Return, word for word, the lines of the listing below from the one with "Close portrait of" through the one with "Rhynchotrema capax", and no other lines.

Information:

* * *

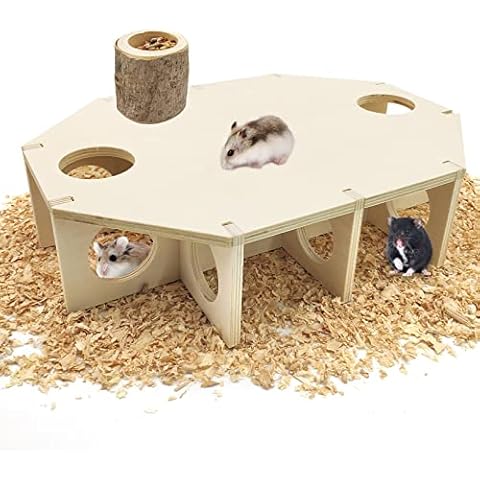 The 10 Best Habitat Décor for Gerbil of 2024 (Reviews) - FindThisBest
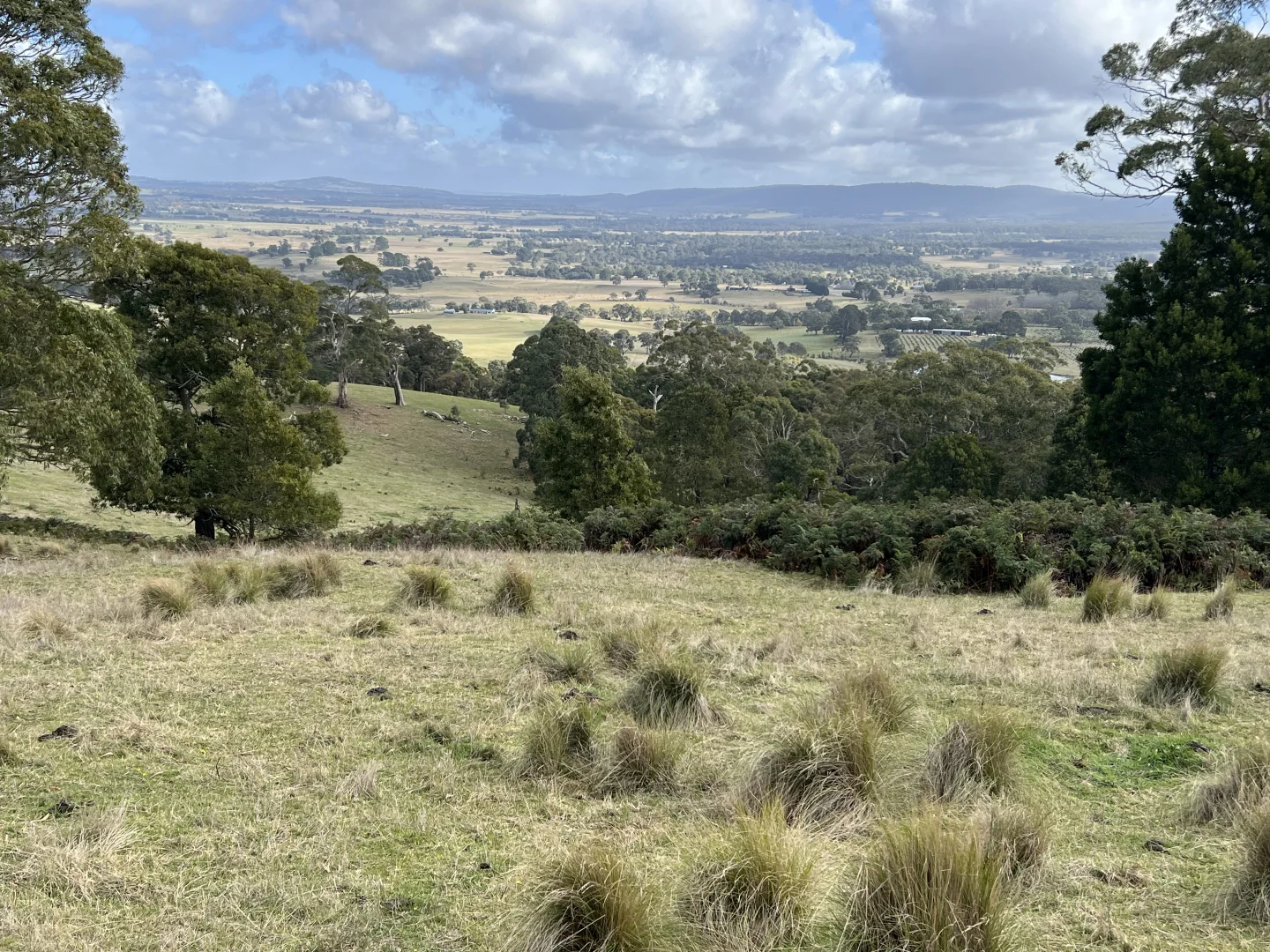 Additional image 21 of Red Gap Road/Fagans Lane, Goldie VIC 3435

* * *

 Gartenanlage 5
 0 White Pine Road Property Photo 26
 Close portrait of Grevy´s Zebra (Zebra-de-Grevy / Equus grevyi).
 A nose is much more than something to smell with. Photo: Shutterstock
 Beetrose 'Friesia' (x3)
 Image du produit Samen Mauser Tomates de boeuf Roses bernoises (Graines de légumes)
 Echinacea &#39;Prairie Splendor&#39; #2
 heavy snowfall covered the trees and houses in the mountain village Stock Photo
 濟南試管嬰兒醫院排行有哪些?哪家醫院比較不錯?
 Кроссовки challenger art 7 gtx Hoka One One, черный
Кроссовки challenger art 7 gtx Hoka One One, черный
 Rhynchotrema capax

* * *

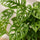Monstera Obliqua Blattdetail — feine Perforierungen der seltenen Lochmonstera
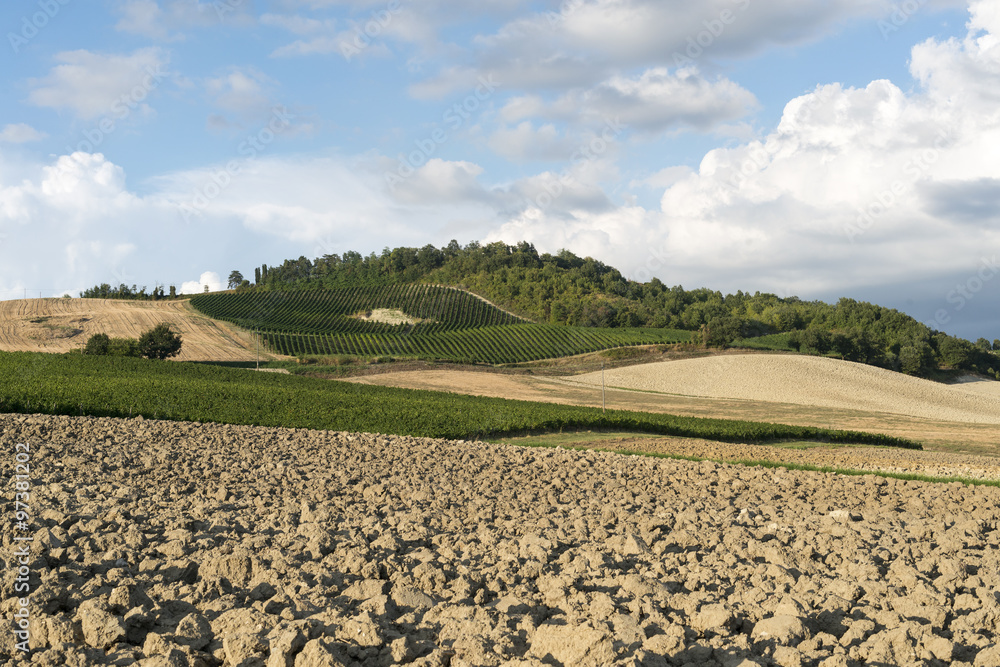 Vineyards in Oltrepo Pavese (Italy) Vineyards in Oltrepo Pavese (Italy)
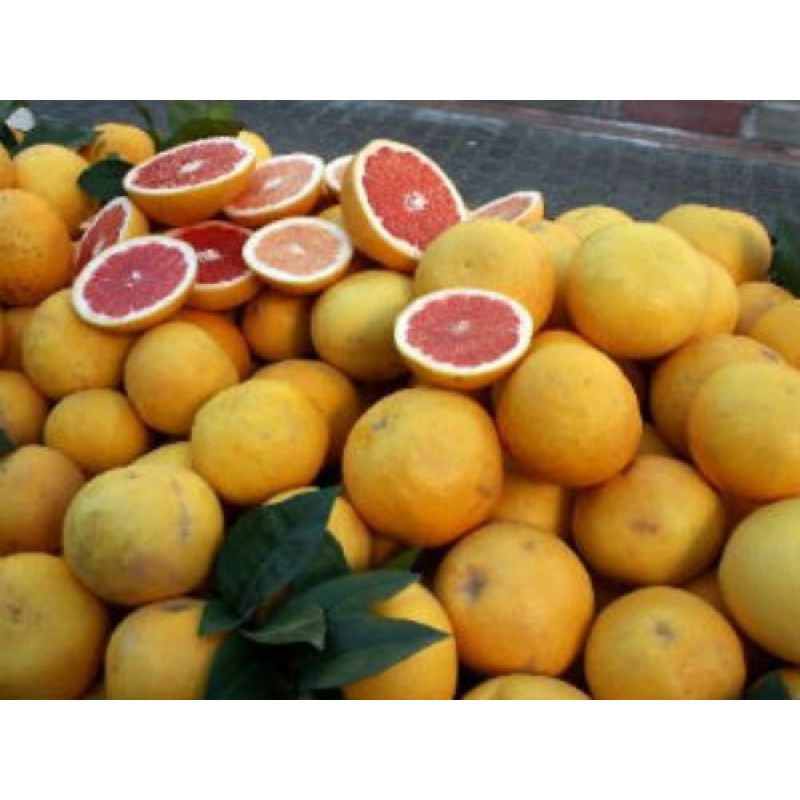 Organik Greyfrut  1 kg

* * *

Result of this task:
 Close portrait of Grevy´s Zebra (Zebra-de-Grevy / Equus grevyi).
 A nose is much more than something to smell with. Photo: Shutterstock
 Beetrose 'Friesia' (x3)
 Image du produit Samen Mauser Tomates de boeuf Roses bernoises (Graines de légumes)
 Echinacea &#39;Prairie Splendor&#39; #2
 heavy snowfall covered the trees and houses in the mountain village Stock Photo
 濟南試管嬰兒醫院排行有哪些?哪家醫院比較不錯?
 Кроссовки challenger art 7 gtx Hoka One One, черный
Кроссовки challenger art 7 gtx Hoka One One, черный
 Rhynchotrema capax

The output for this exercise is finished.